Mit steigender Spielerfahrung kristallisieren sich stärkere Spielelemente heraus, die einem Vorteil verschaffen. Auch beim Warenhandel gibt es einige Ungenauigkeiten, die sich ungünstig auf den Spielverlauf auswirken können. Dennoch, insgesamt funktioniert das erdachte Spielprinzip und Wallace‘ Konzept, die Kernhandlungen aus Anno in ein Brettspiel zu überführen, geht auf.

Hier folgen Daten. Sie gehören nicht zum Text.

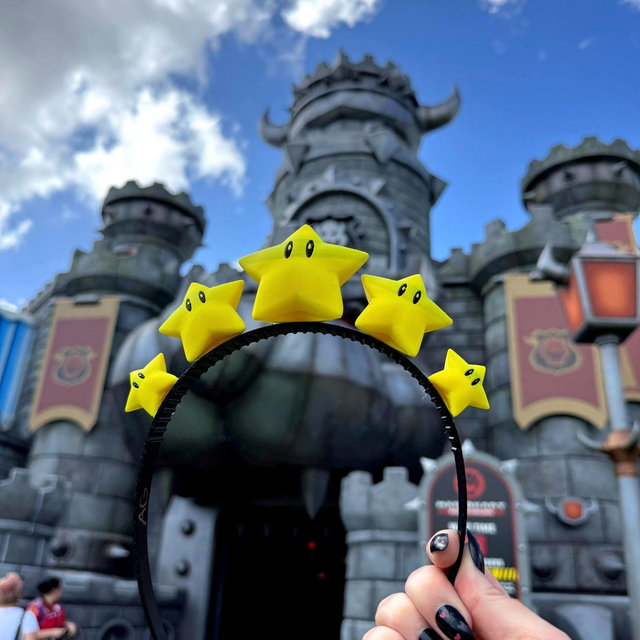 Super Star Headband Epic Universe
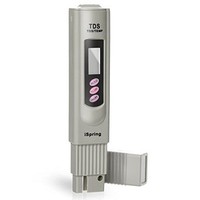 [해외] iSpring TDS 3-Button Digital Water Quality Test Meter with Temperature Test Function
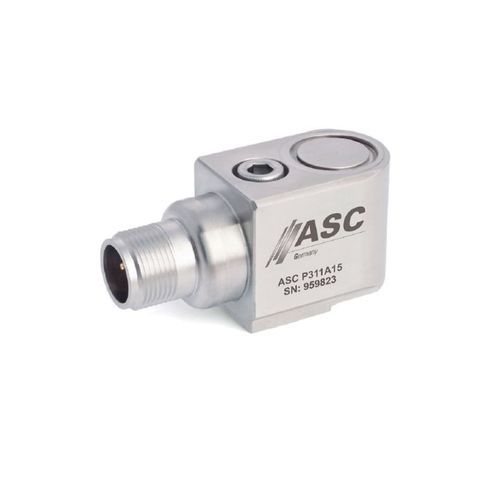 Accéléromètre uniaxial - ASC P311A15 - ASC - IEPE / piézoélectrique / de G-force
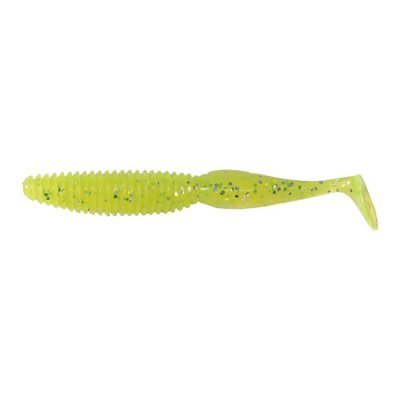Виброхвосты съедобные Lucky John Pro Series Megaworm 3.0"/7.6см, 071 (7шт)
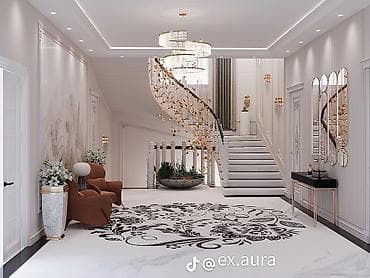 Güzgülər: Çılçıraq, 10 və daha çox lampa, Xrustal — 7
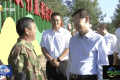 辽宁省委书记赴阜新探访治沙英雄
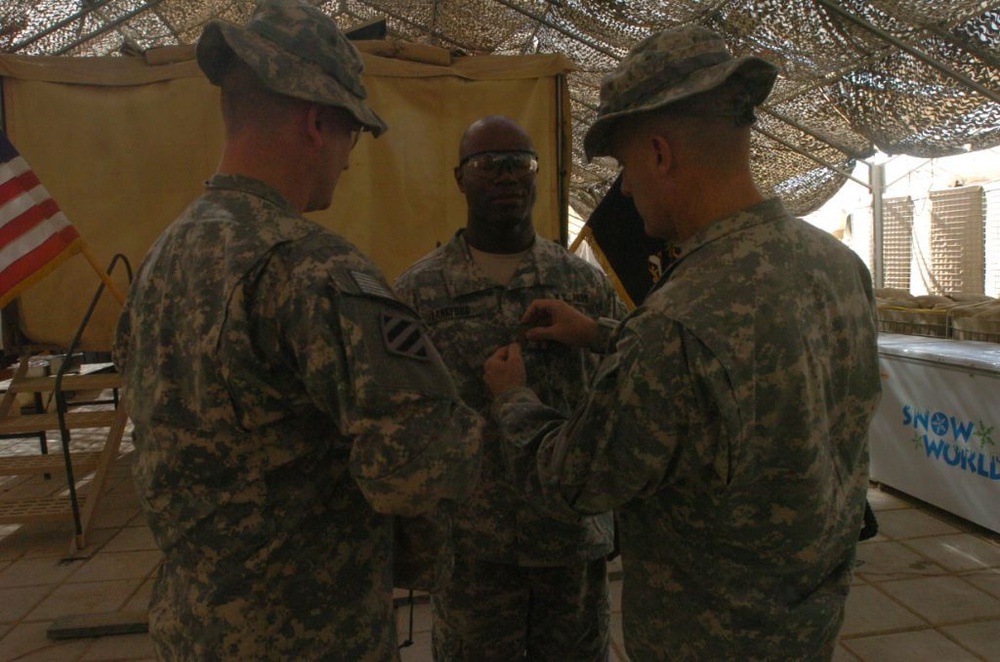 1-15th Infantry Regiment welcomes new company commander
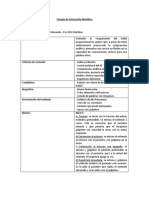 Cuadro Resumen Terapia de Entonación Melódica Final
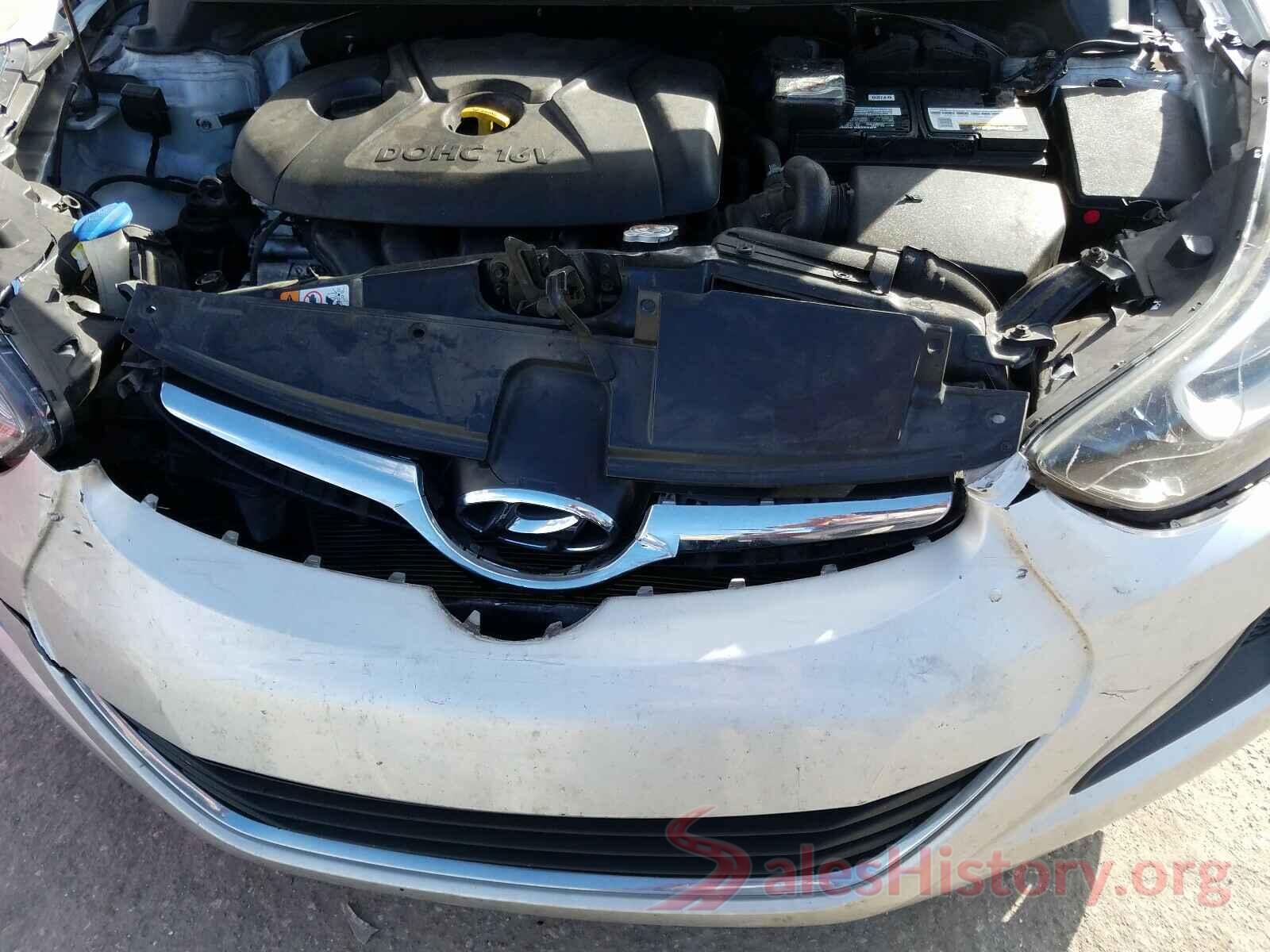 5NPDH4AE3GH773389 2016 HYUNDAI ELANTRA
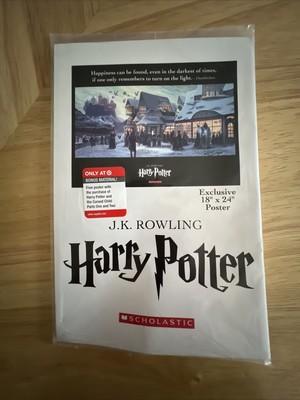 Target HARRY POTTER Poster 18  By 24  Dumbledore Quote New But Some Bending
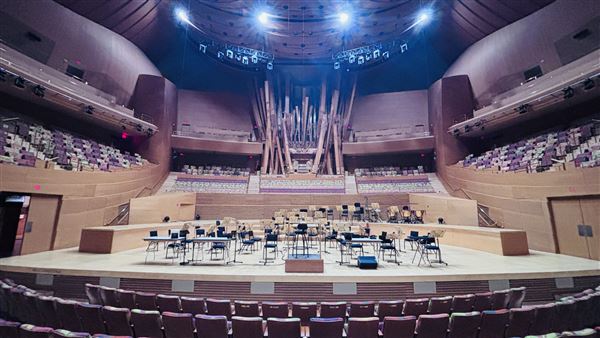 Walt Disney Concert Hall - Los Angeles Music Center (3/24/2026 - Credits: Brandy Davis)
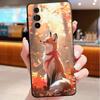 Чехол для телефона Motorola Edge 50 40 Pro 60 50 40 30 Ultra Neo Fusion Moto G Play G Stylus G Power G Милая лиса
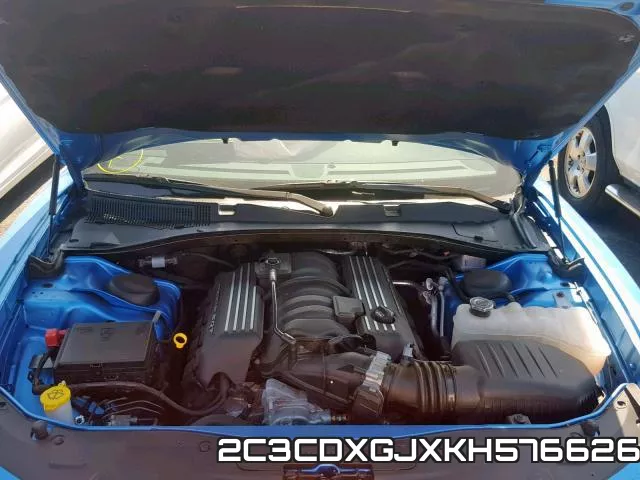 2C3CDXGJXKH576626 фото 8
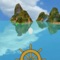 Sail through virtual 3d world and trade goods between islands
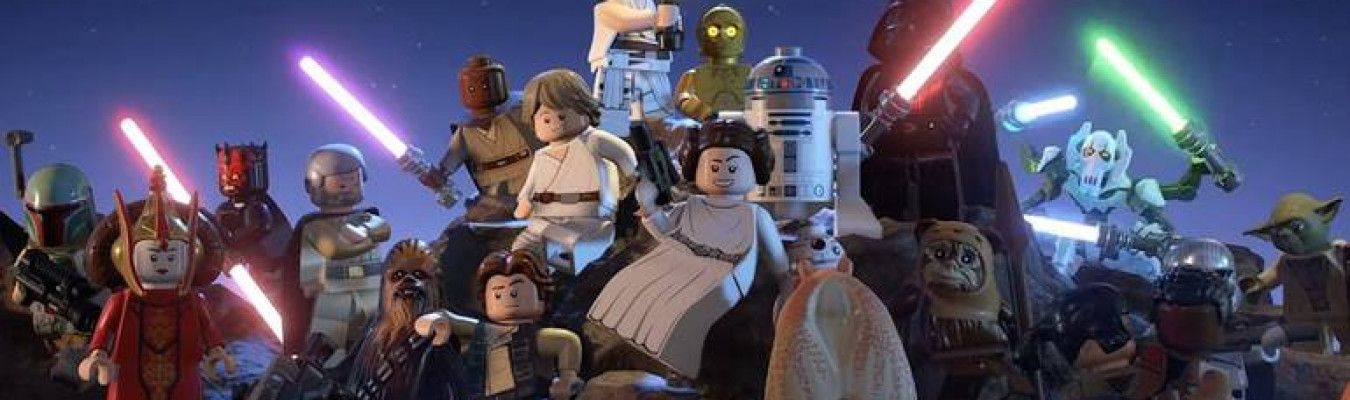 Vídeos mostram o impressionante combate de Lego Star Wars: A Saga Skywalker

Auf die Optik trifft das nicht unbedingt zu. Zweckmäßig und nüchtern, so präsentiert sich das Brettspiel zu Anno 1800 und damit genau gegenteilig zu dem wunderschönen Videospiel. Ja, Grafiken aus dem Spiel wurden übernommen – und das ist auch gut so -, dennoch liegt Anno eher bieder auf dem Tisch. Eine echte Augenweide sieht jedenfalls anders aus. Andererseits sorgt die Nüchternheit für Übersicht – und die ist notwendig, sogar in den passiven Zügen. Stets verfolgt man, was der Gegner tut. Das ist essentiell, aber auch Fluch und Segen.
Insgesamt ist das Brettspiel zu Anno 1800 nicht nur ein überraschend guter, sondern ein rundum gelungener Titel. Das Brettspiel punktet nicht unbedingt durch Komplexität, sondern einen klugen Einsatz von Synergien. Man entscheidet sich stets zwischen mehreren Handlungsalternativen, wird besser, je öfter man spielt. Anno 1800 hat eine spürbare Lernkurve, die allerdings irgendwann abrupt endet: dann fühlen sich Folgepartien eher gleichförmig an. Bis es soweit ist, dauert es allerdings viele Runden.